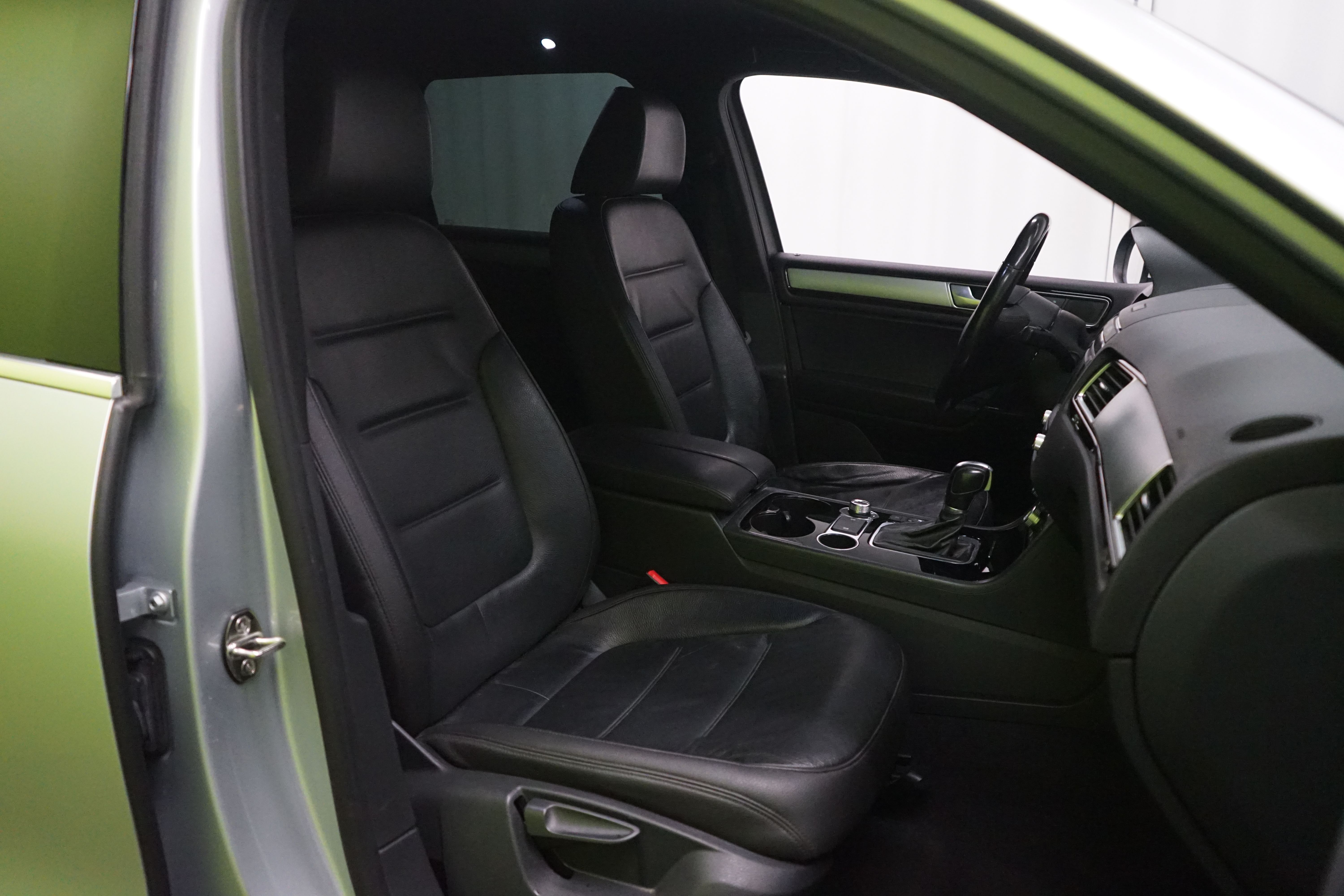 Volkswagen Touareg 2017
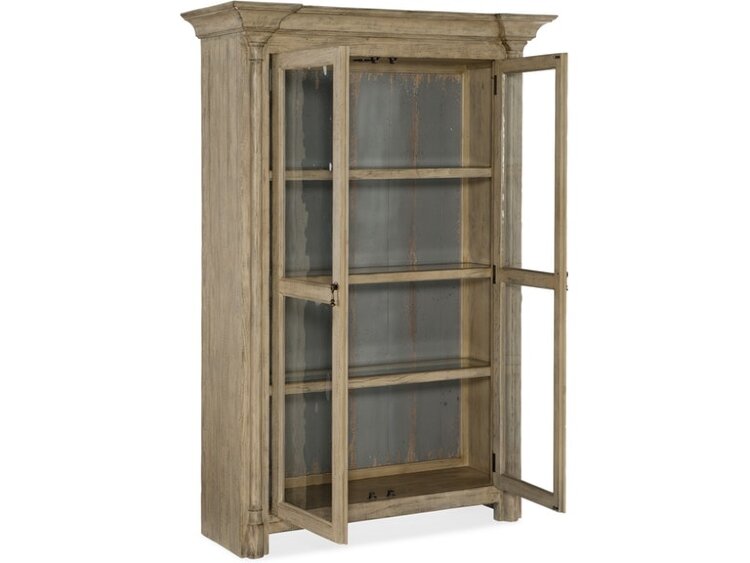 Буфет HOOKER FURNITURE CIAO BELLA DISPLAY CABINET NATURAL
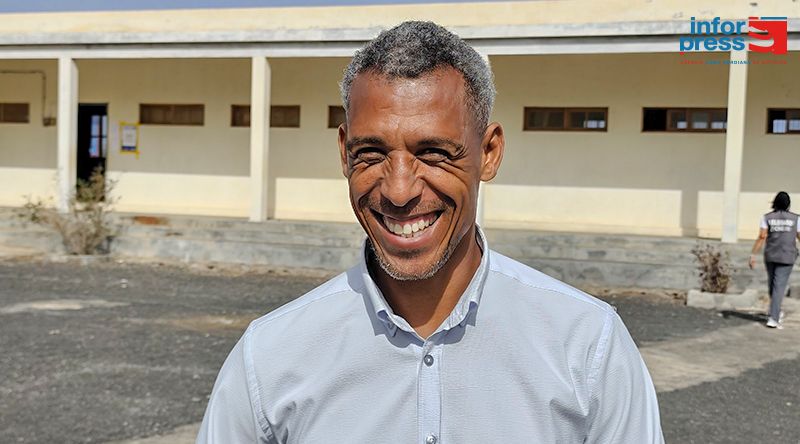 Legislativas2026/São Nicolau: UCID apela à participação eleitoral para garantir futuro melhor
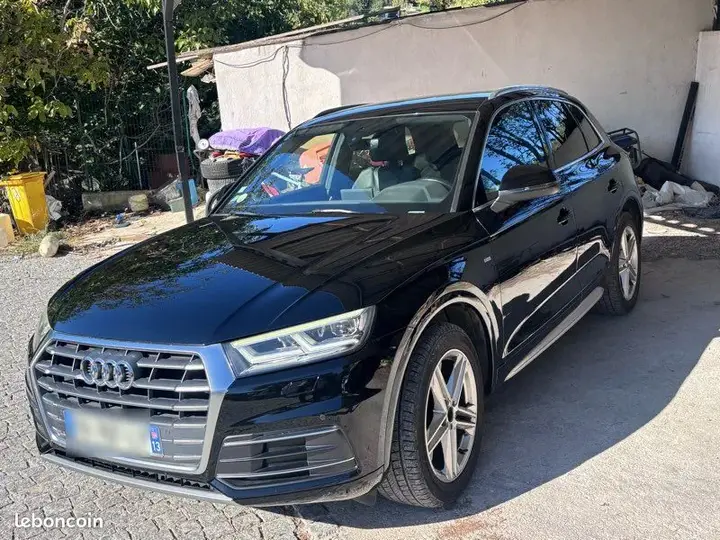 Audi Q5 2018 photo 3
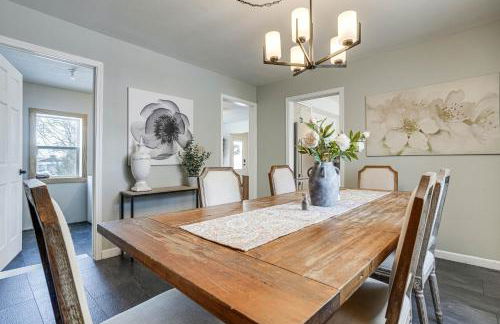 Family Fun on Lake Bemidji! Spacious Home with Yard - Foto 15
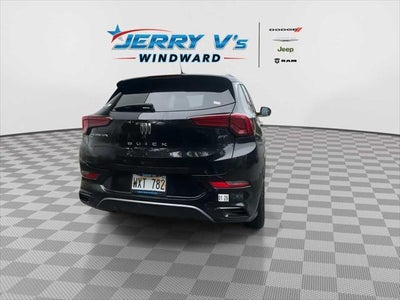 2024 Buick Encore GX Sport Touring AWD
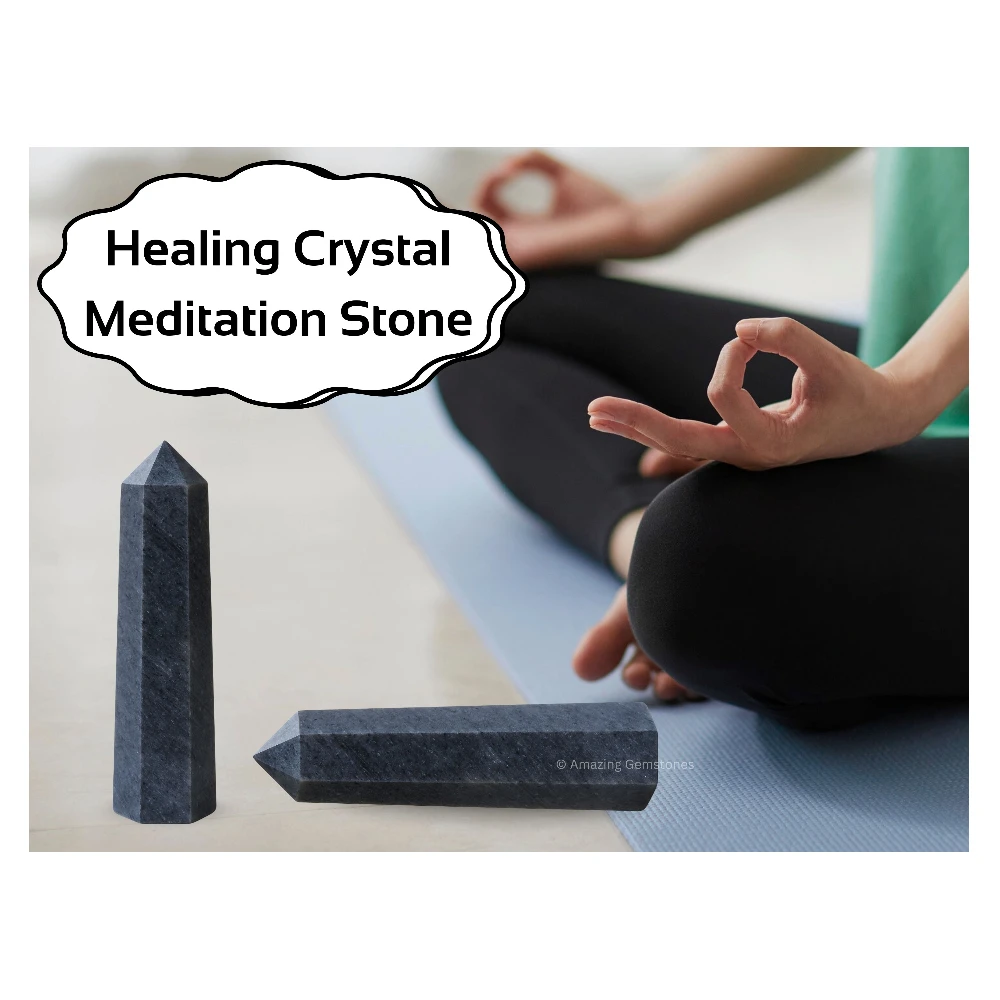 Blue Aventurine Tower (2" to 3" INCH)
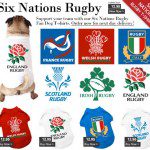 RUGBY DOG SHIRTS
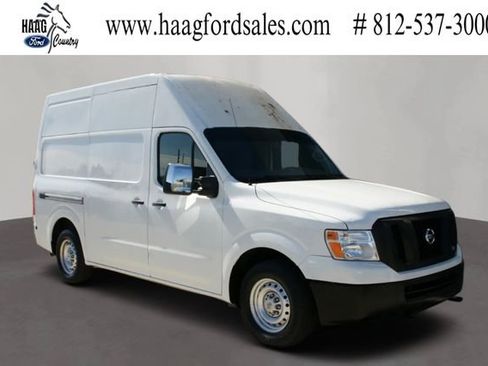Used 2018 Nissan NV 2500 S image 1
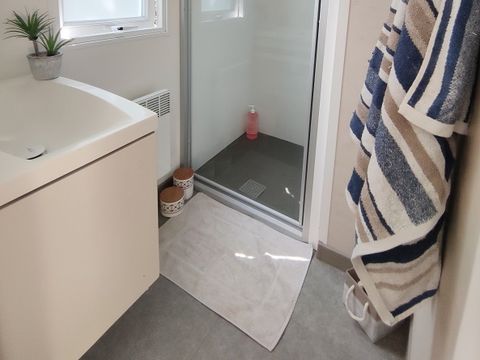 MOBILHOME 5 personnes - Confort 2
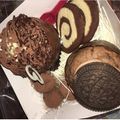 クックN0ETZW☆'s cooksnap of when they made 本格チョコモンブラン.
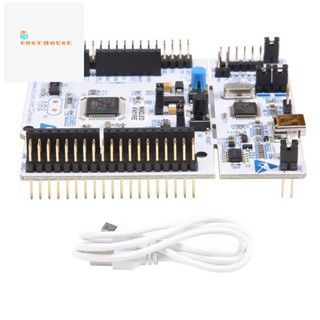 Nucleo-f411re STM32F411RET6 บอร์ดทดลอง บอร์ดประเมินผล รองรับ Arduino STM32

════════════════════

Aim of the exercise: If the material above contains pictures, exclude them from an otherwise exact transcription.

Output of the task:
 Volkswagen Touareg 2017
 Буфет HOOKER FURNITURE CIAO BELLA DISPLAY CABINET NATURAL
 Legislativas2026/São Nicolau: UCID apela à participação eleitoral para garantir futuro melhor
 Audi Q5 2018 photo 3
 Family Fun on Lake Bemidji! Spacious Home with Yard - Foto 15
 2024 Buick Encore GX Sport Touring AWD
 Blue Aventurine Tower (2" to 3" INCH)
 RUGBY DOG SHIRTS
Used 2018 Nissan NV 2500 S image 1
 MOBILHOME 5 personnes - Confort 2
 クックN0ETZW☆'s cooksnap of when they made 本格チョコモンブラン.
 Nucleo-f411re STM32F411RET6 บอร์ดทดลอง บอร์ดประเมินผล รองรับ Arduino STM32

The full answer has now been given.